Kalın cam elyafları, iki kat yalıtılmış çelik duvarlar ve 30 santim kalınlığında betonla çevrelenmiş oda, sahip olduğu %99.99 oranında ses geçirmezliği özelliği ile Guinnes Rekorlar Kitabı’na da geçmiş.

Yankısız odaya adım atanlar ilk olarak bir şok yaşıyor, daha sonra halisülasyonlar görmeye başlıyor. İnsan kulağının işitebileceği en düşük ses 0 desibelken bu oda -9 desibelde bir sessizliğe sahip. -9 desibel ise çıldırtan sessizlik anlamına geliyor.

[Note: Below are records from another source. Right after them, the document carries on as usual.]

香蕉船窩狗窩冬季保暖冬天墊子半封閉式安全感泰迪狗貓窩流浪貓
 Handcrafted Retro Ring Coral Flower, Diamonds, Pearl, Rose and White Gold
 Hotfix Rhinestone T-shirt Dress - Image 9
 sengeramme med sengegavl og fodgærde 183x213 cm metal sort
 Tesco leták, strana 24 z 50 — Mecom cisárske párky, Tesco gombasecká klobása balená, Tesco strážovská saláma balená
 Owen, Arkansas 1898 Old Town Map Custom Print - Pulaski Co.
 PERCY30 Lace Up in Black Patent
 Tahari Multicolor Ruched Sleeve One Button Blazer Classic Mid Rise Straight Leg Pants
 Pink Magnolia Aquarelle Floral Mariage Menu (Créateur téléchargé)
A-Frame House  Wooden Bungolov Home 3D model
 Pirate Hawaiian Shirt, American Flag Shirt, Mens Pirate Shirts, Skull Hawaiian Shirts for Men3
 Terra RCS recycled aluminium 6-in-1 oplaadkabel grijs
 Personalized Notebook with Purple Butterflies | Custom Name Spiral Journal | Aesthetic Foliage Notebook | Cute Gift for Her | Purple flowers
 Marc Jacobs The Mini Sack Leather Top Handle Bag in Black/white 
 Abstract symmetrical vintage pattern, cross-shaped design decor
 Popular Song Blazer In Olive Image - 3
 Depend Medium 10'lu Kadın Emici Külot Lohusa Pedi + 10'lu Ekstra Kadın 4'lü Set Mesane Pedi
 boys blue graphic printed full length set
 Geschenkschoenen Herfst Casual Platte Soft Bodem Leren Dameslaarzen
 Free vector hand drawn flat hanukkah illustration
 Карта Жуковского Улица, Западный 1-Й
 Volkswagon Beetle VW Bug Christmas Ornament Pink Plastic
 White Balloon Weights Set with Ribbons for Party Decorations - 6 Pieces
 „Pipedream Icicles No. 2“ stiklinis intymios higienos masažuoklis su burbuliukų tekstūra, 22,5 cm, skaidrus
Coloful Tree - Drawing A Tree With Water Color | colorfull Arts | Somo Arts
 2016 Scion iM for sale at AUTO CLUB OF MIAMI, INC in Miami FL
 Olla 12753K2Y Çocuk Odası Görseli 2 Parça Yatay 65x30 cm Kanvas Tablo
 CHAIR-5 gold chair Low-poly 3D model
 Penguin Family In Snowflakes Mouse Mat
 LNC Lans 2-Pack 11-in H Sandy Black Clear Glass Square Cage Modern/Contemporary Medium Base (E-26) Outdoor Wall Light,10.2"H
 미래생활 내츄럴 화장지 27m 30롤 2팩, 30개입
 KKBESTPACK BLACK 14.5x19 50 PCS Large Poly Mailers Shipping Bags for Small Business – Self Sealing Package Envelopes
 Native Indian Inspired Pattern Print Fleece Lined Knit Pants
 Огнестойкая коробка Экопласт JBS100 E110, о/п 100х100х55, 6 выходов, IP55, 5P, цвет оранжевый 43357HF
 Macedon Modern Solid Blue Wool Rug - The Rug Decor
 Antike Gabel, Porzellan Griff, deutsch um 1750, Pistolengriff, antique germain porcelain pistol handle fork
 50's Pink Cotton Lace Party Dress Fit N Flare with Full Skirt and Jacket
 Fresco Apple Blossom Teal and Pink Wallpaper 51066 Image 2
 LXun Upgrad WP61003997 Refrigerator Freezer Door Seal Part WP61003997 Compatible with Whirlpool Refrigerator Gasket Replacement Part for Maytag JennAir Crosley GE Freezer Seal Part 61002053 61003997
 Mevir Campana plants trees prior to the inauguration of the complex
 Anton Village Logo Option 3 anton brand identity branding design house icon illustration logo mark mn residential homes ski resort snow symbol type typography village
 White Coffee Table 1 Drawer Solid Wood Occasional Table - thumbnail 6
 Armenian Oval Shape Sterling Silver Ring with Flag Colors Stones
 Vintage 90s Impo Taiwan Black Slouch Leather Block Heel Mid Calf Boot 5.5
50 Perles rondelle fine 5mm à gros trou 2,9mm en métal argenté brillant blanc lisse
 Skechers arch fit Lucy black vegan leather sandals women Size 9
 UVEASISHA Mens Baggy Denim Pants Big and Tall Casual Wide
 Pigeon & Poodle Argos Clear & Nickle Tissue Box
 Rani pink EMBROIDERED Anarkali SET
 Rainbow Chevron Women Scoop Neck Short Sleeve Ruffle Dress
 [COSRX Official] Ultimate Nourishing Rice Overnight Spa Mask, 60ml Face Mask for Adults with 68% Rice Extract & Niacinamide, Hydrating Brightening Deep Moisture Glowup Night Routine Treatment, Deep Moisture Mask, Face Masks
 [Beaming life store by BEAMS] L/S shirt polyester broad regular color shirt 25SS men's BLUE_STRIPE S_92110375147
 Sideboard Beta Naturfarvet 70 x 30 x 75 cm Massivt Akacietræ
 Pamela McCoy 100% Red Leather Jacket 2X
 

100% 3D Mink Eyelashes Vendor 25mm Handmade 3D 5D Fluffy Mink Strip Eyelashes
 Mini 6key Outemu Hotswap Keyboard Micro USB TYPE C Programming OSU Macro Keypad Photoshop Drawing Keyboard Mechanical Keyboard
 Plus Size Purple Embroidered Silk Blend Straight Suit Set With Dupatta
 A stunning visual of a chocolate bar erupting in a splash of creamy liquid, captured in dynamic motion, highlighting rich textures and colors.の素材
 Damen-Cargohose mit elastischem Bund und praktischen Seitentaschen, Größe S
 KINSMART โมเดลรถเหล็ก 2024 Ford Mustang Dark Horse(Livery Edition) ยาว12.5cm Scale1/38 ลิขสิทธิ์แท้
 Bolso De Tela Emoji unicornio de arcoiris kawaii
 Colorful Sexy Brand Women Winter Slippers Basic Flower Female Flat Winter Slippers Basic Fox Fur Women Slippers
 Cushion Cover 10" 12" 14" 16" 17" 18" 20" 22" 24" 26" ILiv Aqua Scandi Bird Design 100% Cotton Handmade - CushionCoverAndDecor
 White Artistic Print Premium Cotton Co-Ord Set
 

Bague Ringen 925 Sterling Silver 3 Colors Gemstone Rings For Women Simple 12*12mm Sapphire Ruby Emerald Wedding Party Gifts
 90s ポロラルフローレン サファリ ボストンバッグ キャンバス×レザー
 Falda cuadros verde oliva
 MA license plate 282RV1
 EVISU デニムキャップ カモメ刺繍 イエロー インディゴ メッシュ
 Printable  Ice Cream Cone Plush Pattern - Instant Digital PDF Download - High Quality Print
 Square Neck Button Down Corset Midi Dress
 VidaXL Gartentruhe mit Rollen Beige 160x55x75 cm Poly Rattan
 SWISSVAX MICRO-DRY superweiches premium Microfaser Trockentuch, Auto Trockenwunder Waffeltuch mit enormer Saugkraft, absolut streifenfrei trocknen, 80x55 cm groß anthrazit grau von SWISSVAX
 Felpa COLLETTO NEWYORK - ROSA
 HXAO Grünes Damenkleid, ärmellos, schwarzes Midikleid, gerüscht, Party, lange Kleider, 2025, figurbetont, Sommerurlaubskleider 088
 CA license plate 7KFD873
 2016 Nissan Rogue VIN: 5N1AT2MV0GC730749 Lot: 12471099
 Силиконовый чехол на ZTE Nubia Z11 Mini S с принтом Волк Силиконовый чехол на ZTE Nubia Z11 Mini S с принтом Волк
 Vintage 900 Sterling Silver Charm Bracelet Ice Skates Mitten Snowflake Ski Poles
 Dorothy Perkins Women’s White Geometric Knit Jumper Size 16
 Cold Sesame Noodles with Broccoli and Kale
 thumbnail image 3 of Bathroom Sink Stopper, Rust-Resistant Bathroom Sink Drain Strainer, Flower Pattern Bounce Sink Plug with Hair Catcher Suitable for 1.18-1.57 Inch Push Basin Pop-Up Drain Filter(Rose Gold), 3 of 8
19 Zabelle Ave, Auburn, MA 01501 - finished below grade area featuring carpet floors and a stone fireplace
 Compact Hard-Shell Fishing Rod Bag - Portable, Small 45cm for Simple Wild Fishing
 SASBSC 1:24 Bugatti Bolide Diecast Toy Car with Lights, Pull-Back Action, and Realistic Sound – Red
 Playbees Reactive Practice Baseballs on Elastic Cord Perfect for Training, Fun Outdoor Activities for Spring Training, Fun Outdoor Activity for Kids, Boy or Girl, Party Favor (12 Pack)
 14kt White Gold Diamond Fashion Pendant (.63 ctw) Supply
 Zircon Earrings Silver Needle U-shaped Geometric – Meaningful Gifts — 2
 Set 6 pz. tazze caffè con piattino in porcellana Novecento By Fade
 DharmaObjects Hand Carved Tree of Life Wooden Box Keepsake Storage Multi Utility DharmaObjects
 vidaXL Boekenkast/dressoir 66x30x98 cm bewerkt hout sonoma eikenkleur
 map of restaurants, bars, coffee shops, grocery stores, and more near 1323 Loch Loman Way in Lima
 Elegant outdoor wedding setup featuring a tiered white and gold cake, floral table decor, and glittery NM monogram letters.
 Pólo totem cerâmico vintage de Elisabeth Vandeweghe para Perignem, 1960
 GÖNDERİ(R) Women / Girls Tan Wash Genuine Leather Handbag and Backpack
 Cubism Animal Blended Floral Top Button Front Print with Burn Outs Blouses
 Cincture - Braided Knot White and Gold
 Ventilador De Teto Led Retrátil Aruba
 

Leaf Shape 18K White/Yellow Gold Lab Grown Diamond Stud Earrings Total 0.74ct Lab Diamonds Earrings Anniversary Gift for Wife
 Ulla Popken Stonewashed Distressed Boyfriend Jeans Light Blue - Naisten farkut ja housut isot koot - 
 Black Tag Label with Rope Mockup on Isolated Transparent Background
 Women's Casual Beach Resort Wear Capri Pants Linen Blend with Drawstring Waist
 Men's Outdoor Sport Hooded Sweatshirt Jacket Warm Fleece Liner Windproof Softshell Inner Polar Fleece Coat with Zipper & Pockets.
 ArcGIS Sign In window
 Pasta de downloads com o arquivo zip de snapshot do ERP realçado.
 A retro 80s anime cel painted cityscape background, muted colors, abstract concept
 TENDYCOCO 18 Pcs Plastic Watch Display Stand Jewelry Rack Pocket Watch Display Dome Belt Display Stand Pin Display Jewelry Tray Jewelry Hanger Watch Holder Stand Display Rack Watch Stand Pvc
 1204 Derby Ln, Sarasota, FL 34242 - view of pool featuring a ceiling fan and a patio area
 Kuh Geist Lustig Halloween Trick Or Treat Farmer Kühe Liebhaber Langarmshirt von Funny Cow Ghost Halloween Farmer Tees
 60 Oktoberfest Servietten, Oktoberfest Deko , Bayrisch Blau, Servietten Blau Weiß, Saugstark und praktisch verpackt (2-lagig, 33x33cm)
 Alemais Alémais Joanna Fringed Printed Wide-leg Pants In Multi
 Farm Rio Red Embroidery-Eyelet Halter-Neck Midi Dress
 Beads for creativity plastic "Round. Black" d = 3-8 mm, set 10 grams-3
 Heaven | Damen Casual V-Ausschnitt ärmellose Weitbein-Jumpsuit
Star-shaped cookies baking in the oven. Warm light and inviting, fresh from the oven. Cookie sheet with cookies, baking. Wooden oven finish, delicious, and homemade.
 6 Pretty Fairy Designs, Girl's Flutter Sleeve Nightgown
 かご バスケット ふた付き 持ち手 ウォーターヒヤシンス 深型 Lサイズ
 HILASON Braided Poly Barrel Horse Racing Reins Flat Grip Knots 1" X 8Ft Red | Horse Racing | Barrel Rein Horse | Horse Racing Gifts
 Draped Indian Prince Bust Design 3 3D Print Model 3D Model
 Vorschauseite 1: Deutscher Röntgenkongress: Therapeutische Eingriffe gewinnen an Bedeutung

Sessiz bir ortamda insanın kulakları ortama uyum sağlar ve ortam sessizleştikçe kişi, kalp atışını, damarlarında gezen kanı, akciğer ve midesinden gelen sesleri duymaya başlıyor. Hatta kulaklarınızın içerisindeki kemiklerin kendi doğalarından ötürü çıkardıkları sesleri de bu oda içerisinde net bir şekilde duyabiliniyor.
Sessizliğin bir noktadan sonra beynin çelişkili sinyaller üretmesine ve halüsinasyonlar görmeye başlamasına neden olduğu tespit edilmiş. NASA astronotlarına uygulanan halüsinasyon testleri de burada gerçekleştiriliyor.

Girenlerin birkaç dakika dayanabildiği, insan vücudu ve beyninin sınırlarını zorlaya bu sessiz odada 45 dakikadan fazla kalmayı başaran tek kişi ise Derek Muller isimli gazeteci. Denge kurmayı sağlayan algılar zorlaştığı için Muller, odada kaldığı sürenin çoğunu oturarak geçirmiş.